#### What the exercise asks:
Where the line containing "Horse Color:Bay Dun" appears, start repeating, and continue exactly through the last line below, adding nothing. Include no pictures.
((
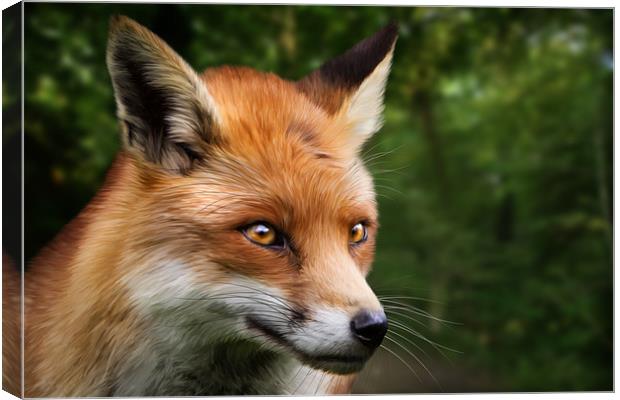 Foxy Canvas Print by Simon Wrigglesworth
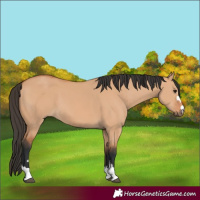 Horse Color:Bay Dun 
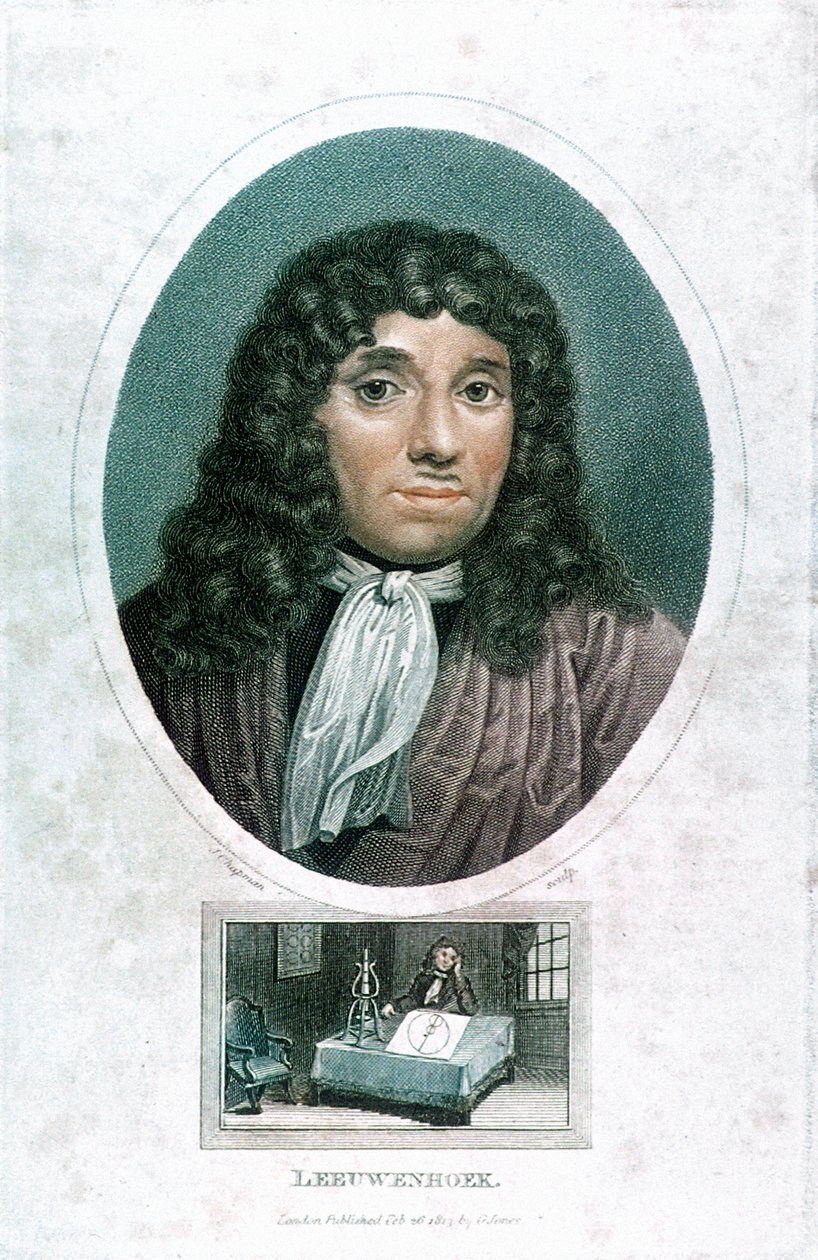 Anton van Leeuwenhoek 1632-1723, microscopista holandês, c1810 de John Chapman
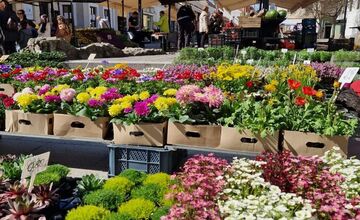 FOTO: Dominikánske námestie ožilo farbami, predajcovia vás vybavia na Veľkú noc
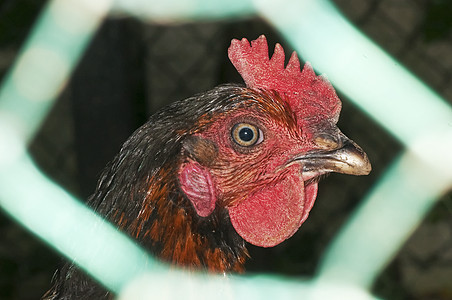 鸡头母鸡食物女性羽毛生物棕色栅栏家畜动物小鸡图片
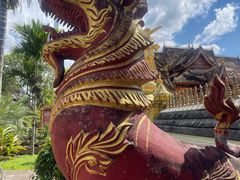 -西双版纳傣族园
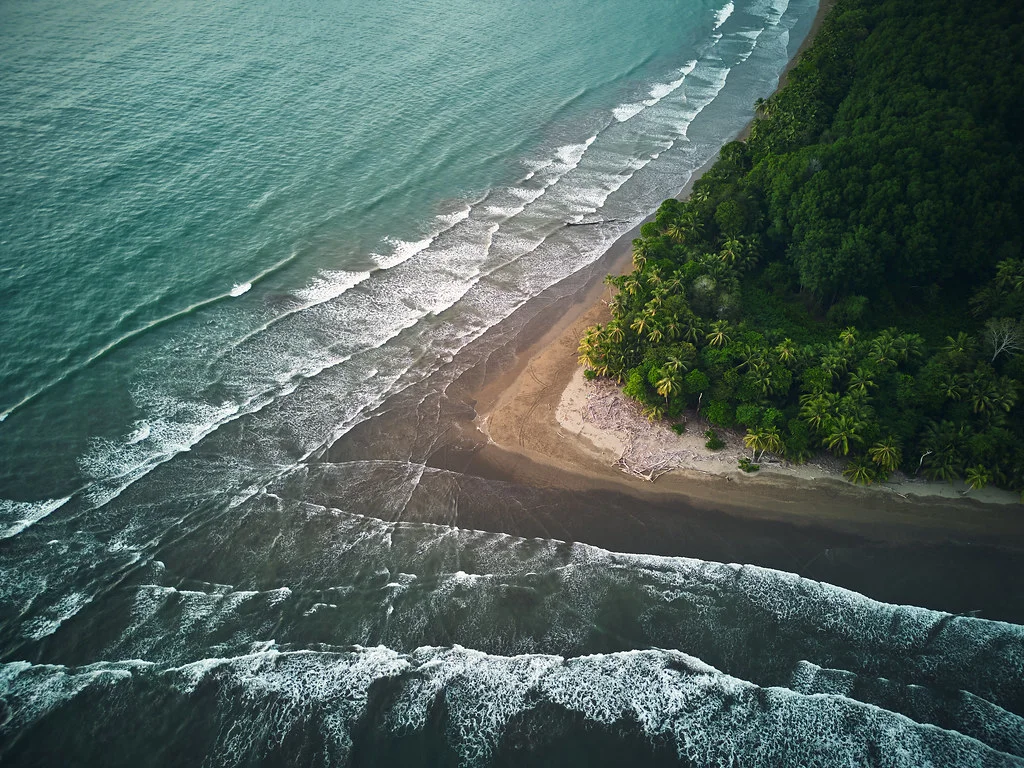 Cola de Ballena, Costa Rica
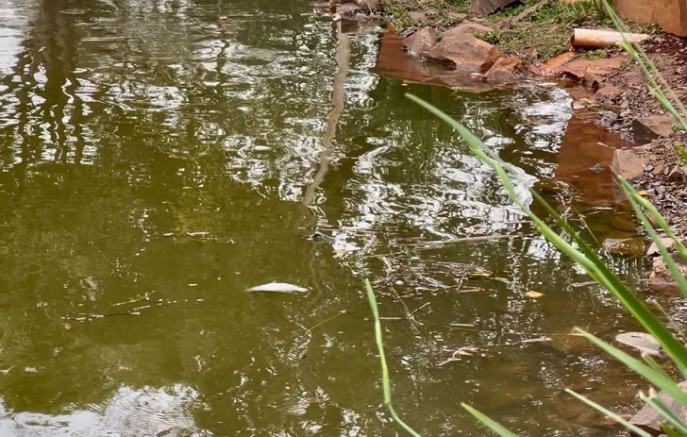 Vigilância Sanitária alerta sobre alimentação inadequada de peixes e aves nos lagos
))
#### Final answer:
 Horse Color:Bay Dun 
 Anton van Leeuwenhoek 1632-1723, microscopista holandês, c1810 de John Chapman
 FOTO: Dominikánske námestie ožilo farbami, predajcovia vás vybavia na Veľkú noc
 鸡头母鸡食物女性羽毛生物棕色栅栏家畜动物小鸡图片
 -西双版纳傣族园
 Cola de Ballena, Costa Rica
 Vigilância Sanitária alerta sobre alimentação inadequada de peixes e aves nos lagos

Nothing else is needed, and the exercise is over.